Top of SUPPLIED MATERIAL

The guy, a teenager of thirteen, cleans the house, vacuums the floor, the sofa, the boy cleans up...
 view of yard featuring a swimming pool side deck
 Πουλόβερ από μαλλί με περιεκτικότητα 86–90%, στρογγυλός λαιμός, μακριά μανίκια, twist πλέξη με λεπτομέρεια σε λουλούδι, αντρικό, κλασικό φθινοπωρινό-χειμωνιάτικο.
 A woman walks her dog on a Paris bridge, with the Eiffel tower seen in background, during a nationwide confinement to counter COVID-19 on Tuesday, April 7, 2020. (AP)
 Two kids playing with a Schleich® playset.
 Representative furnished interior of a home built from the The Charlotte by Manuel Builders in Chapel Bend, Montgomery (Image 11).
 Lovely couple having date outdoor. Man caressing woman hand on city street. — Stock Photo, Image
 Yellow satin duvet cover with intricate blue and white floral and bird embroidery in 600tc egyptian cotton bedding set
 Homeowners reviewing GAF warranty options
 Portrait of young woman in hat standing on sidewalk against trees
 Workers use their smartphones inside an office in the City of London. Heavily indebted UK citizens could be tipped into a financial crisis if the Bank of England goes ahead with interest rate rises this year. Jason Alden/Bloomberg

Bottom of SUPPLIED MATERIAL

- _REQUIREMENT_: Take every line from the data above that holds "woman" and copy it out.

- _ANSWER SECTION_:
 A woman walks her dog on a Paris bridge, with the Eiffel tower seen in background, during a nationwide confinement to counter COVID-19 on Tuesday, April 7, 2020. (AP)
 Lovely couple having date outdoor. Man caressing woman hand on city street. — Stock Photo, Image
 Portrait of young woman in hat standing on sidewalk against trees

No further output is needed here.